The Digest / Vol. 4

Who Pays for Clean Air? Statistics Don't Ask That Question

Academic Research, Made Readable.

PM2.5 Exposure Disparities Persist Despite Strict Vehicle Emissions Controls

The cleaner air wasn't cleaner for everyone
Vol. 4|New Issue
Summarized by Nexus Points Doc Research TeamOriginal research by Libby H. Koolik, Álvaro Alvarado, Amy Budahn, Laurel Plummer, Julian D. Marshall & Joshua S. Apte — University of California, Berkeley & California Office of Environmental Health Hazard Assessment

California spent nineteen years cutting vehicle emissions harder than almost anywhere else in the country. The result, on paper, is a clear win: a 65% drop in statewide exposure to PM2.5 from on-road vehicles between 2000 and 2019.

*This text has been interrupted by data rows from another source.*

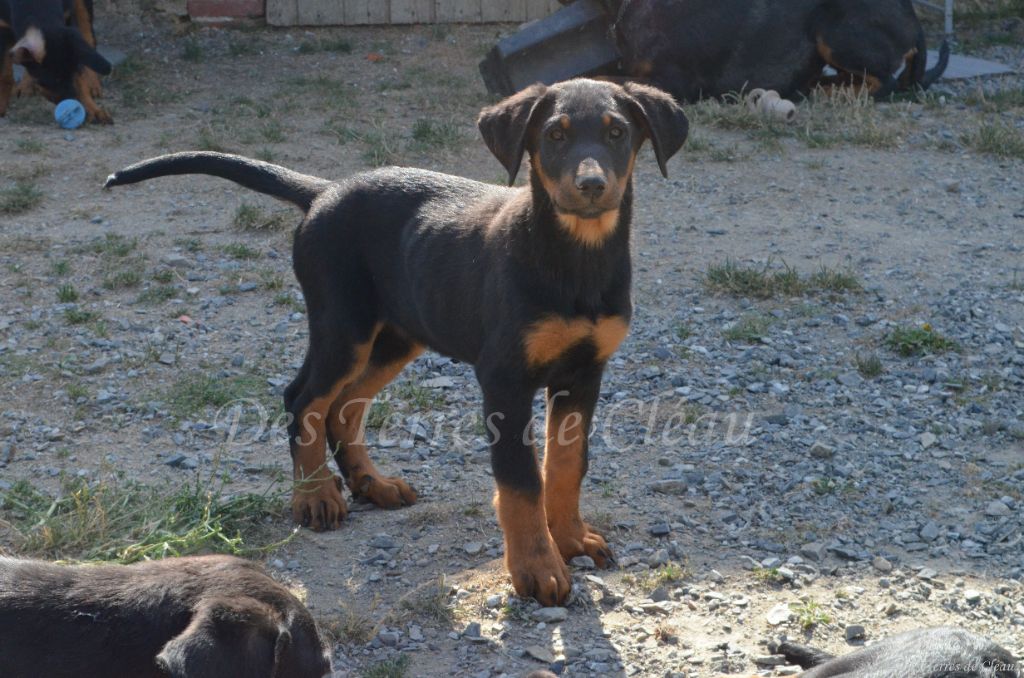 Des Terres De Cléau - Chiots disponibles - Berger de Beauce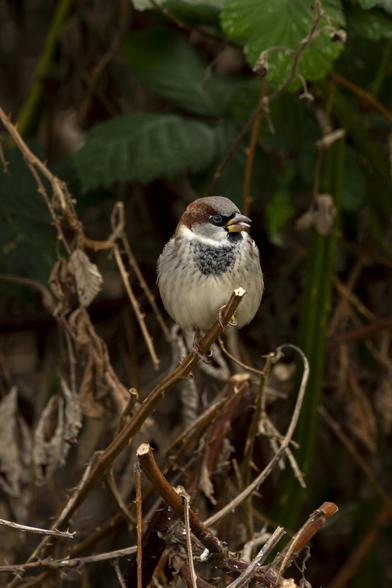 a house sparrow is perched on a cut-off branch of some bush. it looks fairly plump, and was snapped right when it opened its beak, so it looks like it's holding its tongue out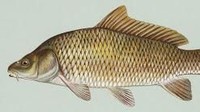 Ikan tombro adalah nama lain dari ikan mas. (Foto: Pool)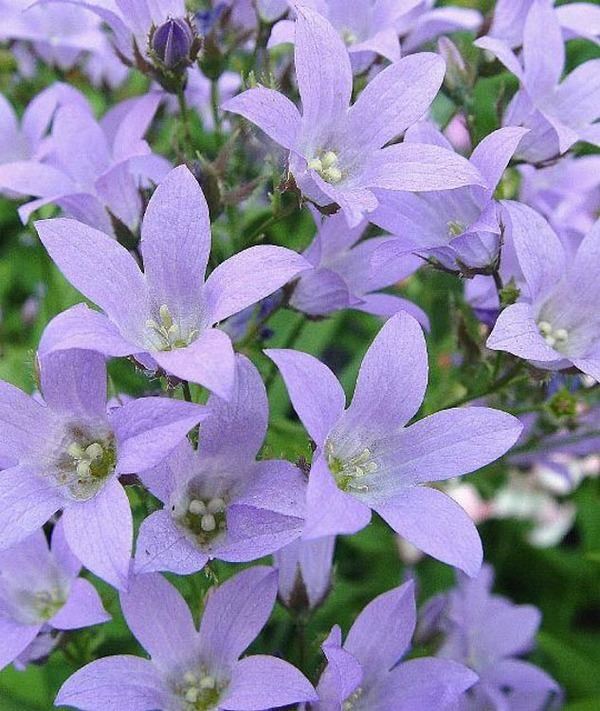 Campanula lactiflora Campanula lactiflora 39Prichard39s Variety39 Milky Bellflower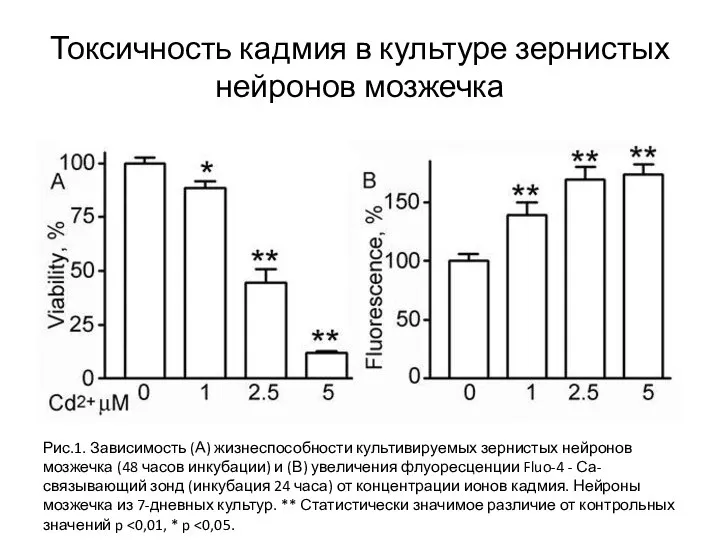 Токсичность кадмия в культуре зернистых нейронов мозжечка Рис.1. Зависимость (А) жизнеспособности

Koolik and colleagues' 2024 study in Science Advances asked a question the headline number doesn't answer: a win for whom?

Two numbers, two stories

The researchers tracked exposure two different ways. The first is absolute — how many micrograms per cubic meter did people actually breathe, and how did that change over time? The second is relative — how does each group's exposure compare to the statewide average, and did that gap close?

On the first measure, everyone improved. Hispanic, Black, Asian, and white Californians all saw their exposure drop by more than half.

On the second measure, almost nothing moved. The gap between the most-exposed group (Hispanic Californians) and the least-exposed group (white Californians) widened slightly, from 30% in 2000 to 35% in 2019.

Both numbers are true. They just tell different stories about who the policy actually worked for.

On-road mobile source PM2.5 exposure and relative disparity by demographic group, 2000–2019
Figure 1. Source: Koolik et al. Sci. Adv. 2024. DOI: 10.1126/sciadv.adn8544.

The same people, more concentrated at the top

The researchers sorted the entire California population into ten groups, from least to most exposed, and tracked who ended up where.

In 2000, the most-polluted tenth of the state was 47.9% Hispanic. By 2019, that figure had climbed to 50.8% — even though Hispanic residents make up only 37.6% of California's population overall. White Californians moved the opposite direction: overrepresented in the cleanest tenth of the state in both years, underrepresented at the top.

Two decades of aggressive policy. Same pattern, slightly sharper.

Racial-ethnic population distribution by PM2.5 exposure decile in 2000 and 2019
Figure 2. Source: Koolik et al. Sci. Adv. 2024. DOI: 10.1126/sciadv.adn8544.

Not all vehicles disparate the same way

Light-duty vehicles — regular cars and SUVs — are the single largest source of the disparity. They account for roughly 60 to 70% of the absolute gap in exposure.

But when the researchers isolated which vehicle type hits people of color hardest relative to their own exposure, heavy-duty trucks stood out. For Hispanic Californians, the disparity tied specifically to heavy trucks was consistently larger than the disparity tied to passenger cars — even though trucks contribute less to total pollution statewide.

Different vehicles. Different mechanisms. Same direction.

A heavy-duty tanker truck on a highway

Reducing the average isn't the same as closing the gap

The paper's central argument is unglamorous and easy to miss in a press release: a policy can succeed by every aggregate metric and still fail to touch relative inequality, because emissions reductions tend to happen everywhere roughly proportionally — including in the places that started out cleanest.

If a place was less polluted in 2000, it's likely still less polluted in 2019, just by a lower number on both ends. The ranking doesn't change. Only the scale does.

The researchers are direct about what this means going forward: electrification and similar fleet-wide strategies, if applied evenly across the state rather than targeted at overburdened communities, are likely to repeat the same outcome — real, measurable improvement, with the disparity intact underneath it.

The core question hasn't changed

Emissions policy in the US is built sector by sector — vehicles, industry, power plants — each regulated on its own track, each judged by its own statewide average. That structure is good at producing aggregate wins.

It is not built to ask where those wins land.

A 65% reduction is real. So is a widening gap. Reporting one without the other isn't dishonest — it's just incomplete, in a way that happens to favor the version of the story that's easier to announce.